Dans une déclaration publiée dimanche 03 mai 2026, le ministre affirme que ces sanctions valident une lecture controversée mais persistante de la crise sécuritaire dans l’Est de la République démocratique du Congo. Il évoque notamment « la jonction avérée » entre Joseph Kabila et le mouvement rebelle M23, longtemps considérée comme une hypothèse non établie.
Julien Paluku insiste sur le fait que les sanctions américaines reposent sur des éléments « documentés et solides », citant des faits présumés de blanchiment de capitaux, de corruption systémique et de déstabilisation sécuritaire. Il estime que ces pratiques auraient contribué à affaiblir les capacités de l’armée congolaise, les FARDC, dans une région en proie à des conflits récurrents.
Pour appuyer son analyse, le ministre met en avant trois moments qu’il considère déterminants dans la compréhension de la crise à l’Est :
L’arrestation de Laurent Nkunda en 2009 : Selon lui, cette opération, menée au Rwanda, aurait été le prélude à l’opération conjointe Umoja Wetu, permettant l’entrée de troupes rwandaises sur le sol congolais sous couvert de lutte contre les FDLR.
Le ministre s’interroge sur les circonstances ayant permis à ce chef de guerre recherché de rejoindre l’ambassade américaine à Kigali sans interception, évoquant une possible complicité régionale impliquant notamment Paul Kagame.
Alors que les FARDC revendiquaient une victoire militaire, une déclaration officielle de fin de guerre a été signée en 2014. Julien Paluku y voit une tentative de minimiser le succès militaire congolais pour préserver certains équilibres diplomatiques.
Ces déclarations interviennent dans un contexte où les tensions régionales restent vives, notamment autour de la situation sécuritaire à Goma et dans l’ensemble du Nord-Kivu.

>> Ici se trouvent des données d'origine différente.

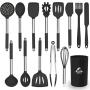 Kitchen Utensils Set 14 pcs Silicone Cooking Kitchen Utensils Set with Heat Resistant BPA-Free Silicone and Stainless Steel Handle Turner Spatula Spoon Tongs Whisk Cookware Kitchen Tools Set - Black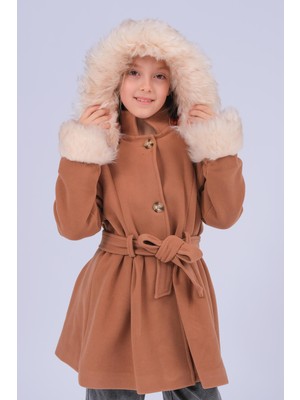 Perendi Kız Çocuk Kürk Detaylı Kapüşonlu Kuşaklı Kaşe Kaban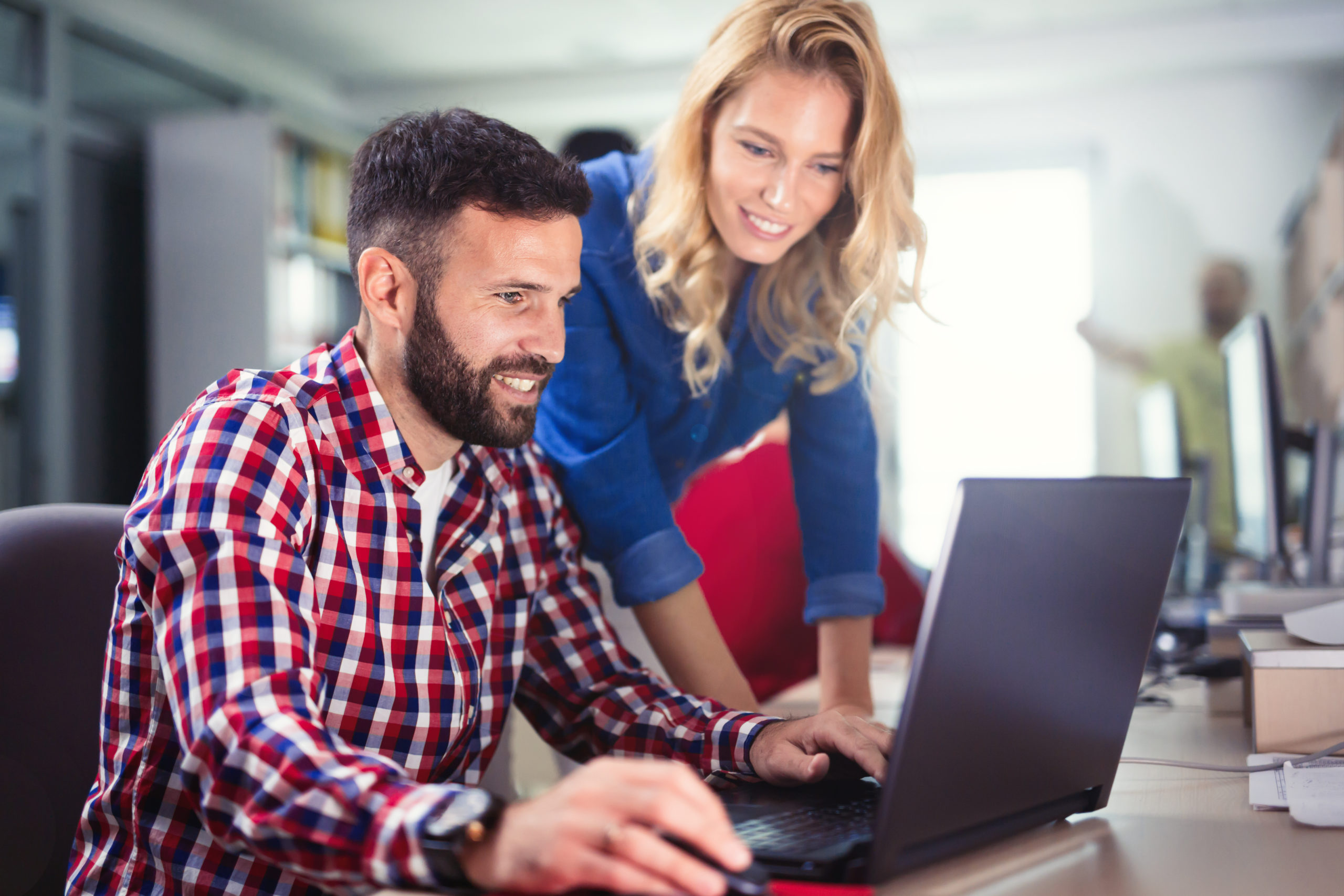 Corporate coworkers brainstorming in company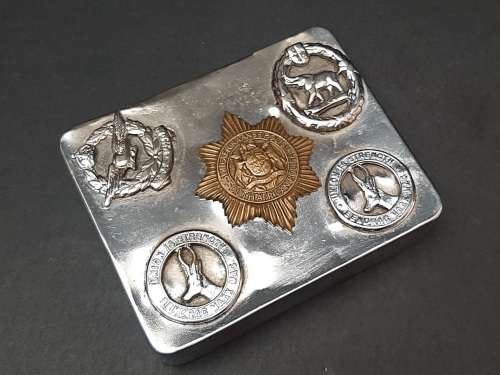 ** WW2 South African Trench Art Cigarette Tin w/ Insignia (9cm x 7cm).**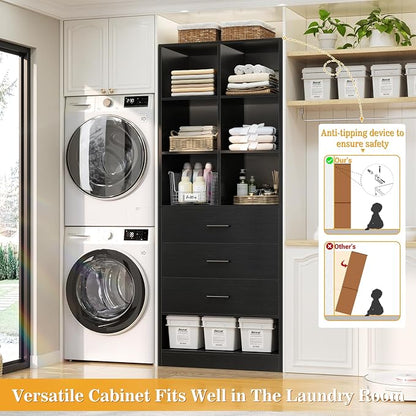 Homieasy Closet System Organizer with 3 Drawers and Partition Storage, Freestanding Wardrobe Organizer Modular with Shoe Shelf, Expandable for Walk-in or Reach-in Closets, Black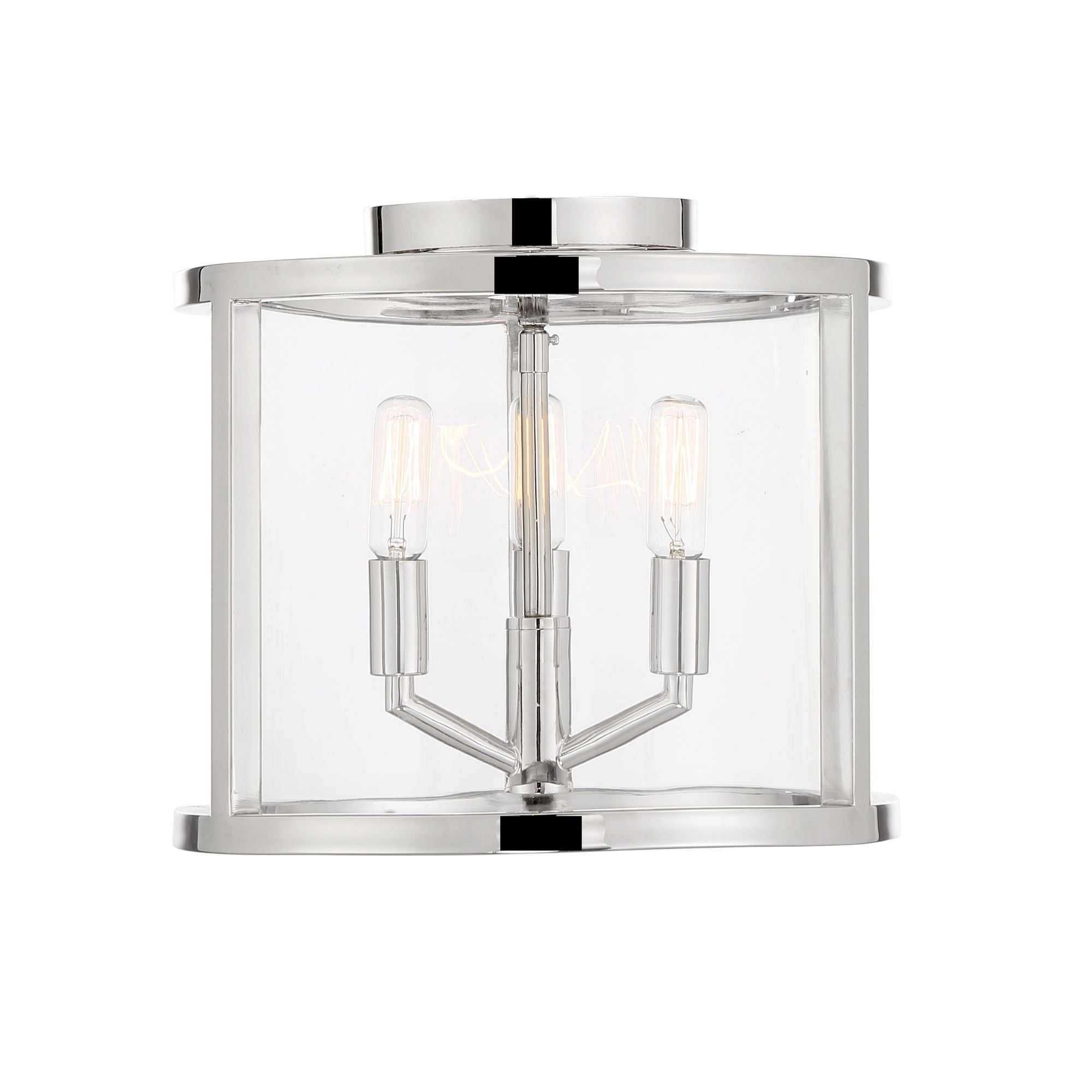 Libby Langdon Devon 11.75'' Polished Nickel Semi Flush Mount Silver 11.75"W x 10"H x 11.75"D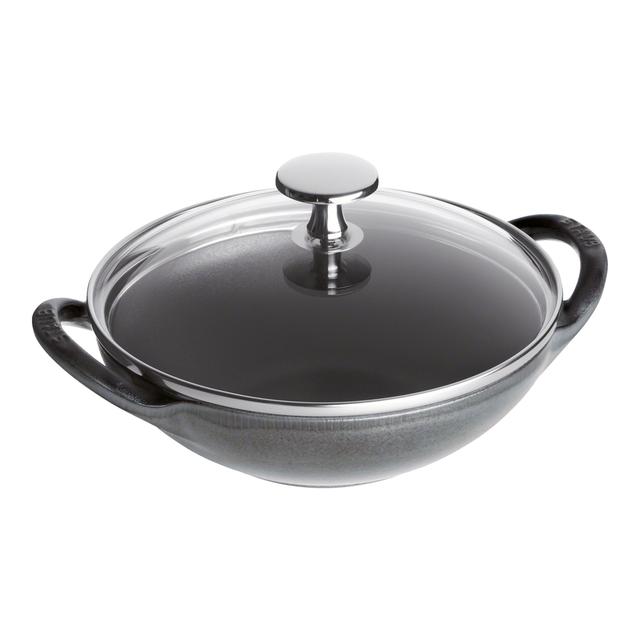 Staub Cast Iron 6.5-inch, Baby Wok, Graphite Grey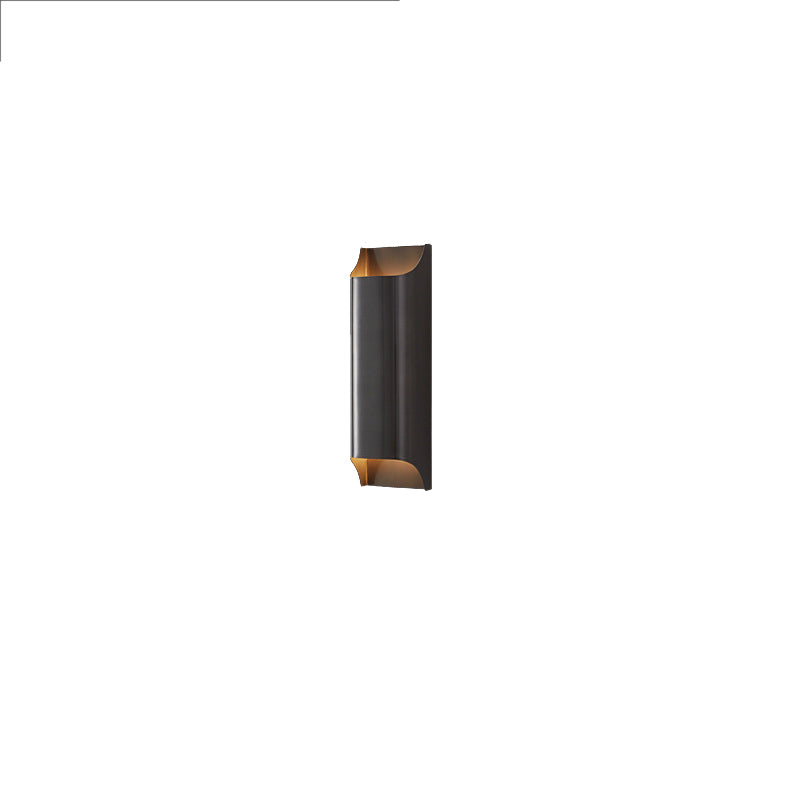 Lámpara de Aplique de Pared de Cobre Rectangular de 2 Luces de Lujo Moderno para Pasillo 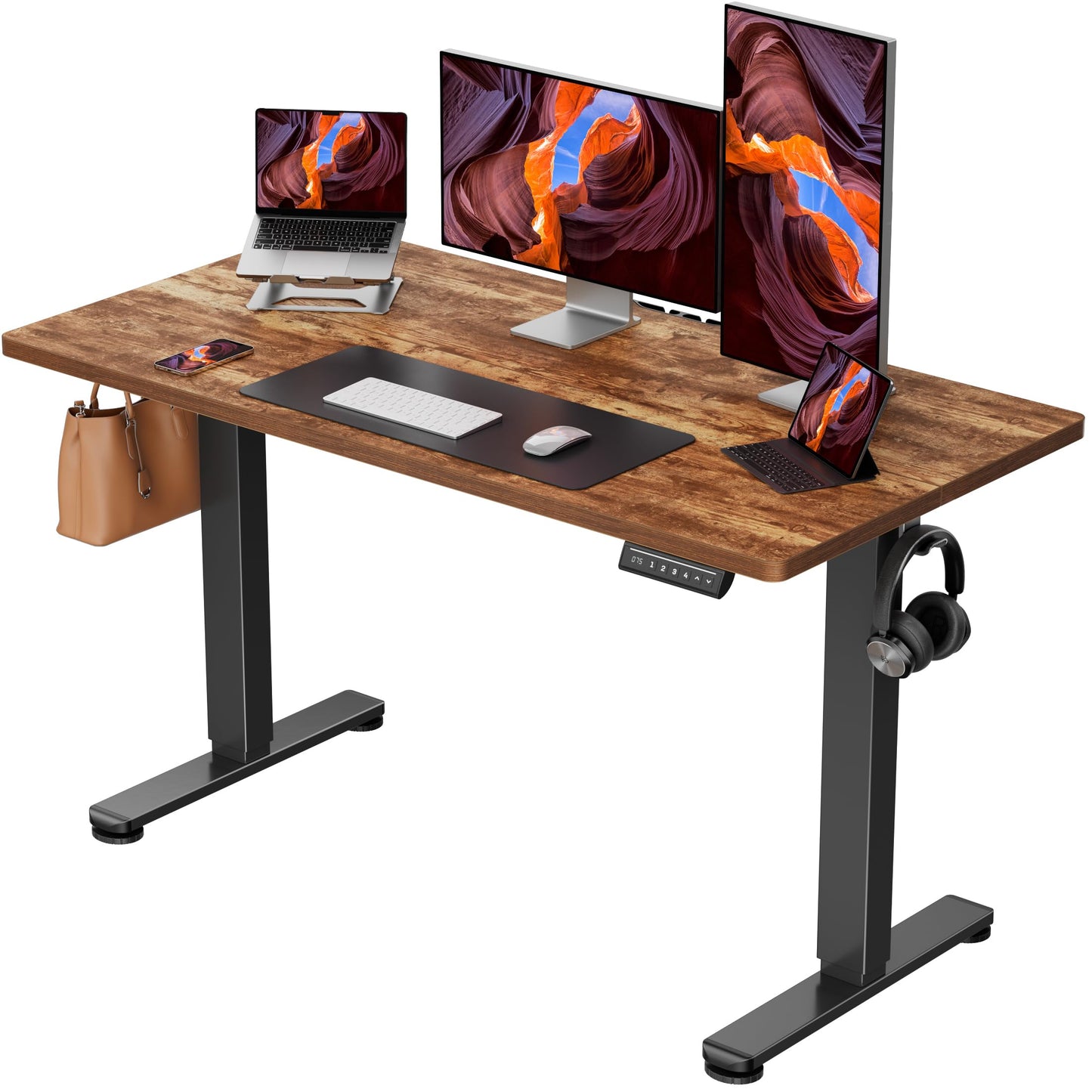 ErGear Height Adjustable Electric Standing Desk, 48 x 24 Inches Sit Stand up Desk, Memory Computer Home Office Desk with Two-Piece Desktop (Vintage Brown)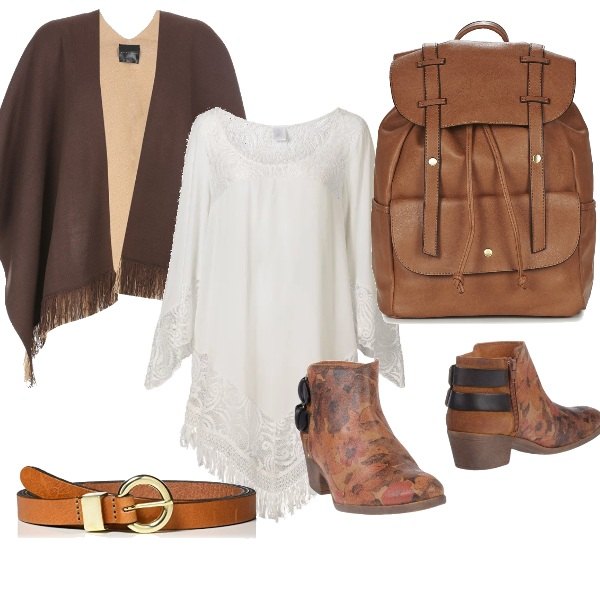 Outfit donna - Dal Texas con furore. Stile Etnico per Scuola/Università. Abbinamento con vestiti da spiaggia, cintura marrone.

Si certains analystes saluent une volonté de clarification historique, d’autres appellent à la prudence face à des accusations qui, pour l’heure, n’ont pas fait l’objet de procédures judiciaires publiques.
En conclusion, Julien Paluku appelle à une prise de conscience collective, évoquant la nécessité de défendre la souveraineté nationale face aux ingérences extérieures. Il cite notamment l’exemple de Jonas Savimbi pour illustrer les risques encourus par ceux qui, selon lui, s’aligneraient sur des intérêts étrangers au détriment de la nation.
Alors que la RDC poursuit ses efforts pour stabiliser sa partie orientale, ces nouvelles sanctions américaines pourraient marquer un tournant dans la perception internationale du conflit — mais aussi raviver les débats internes sur les responsabilités politiques passées et présentes.
Il faut noter que, les sanctions américaines contre l’ancien président Joseph Kabila Kabange continuent de secouer la sphère politique congolaise depuis quelques temps.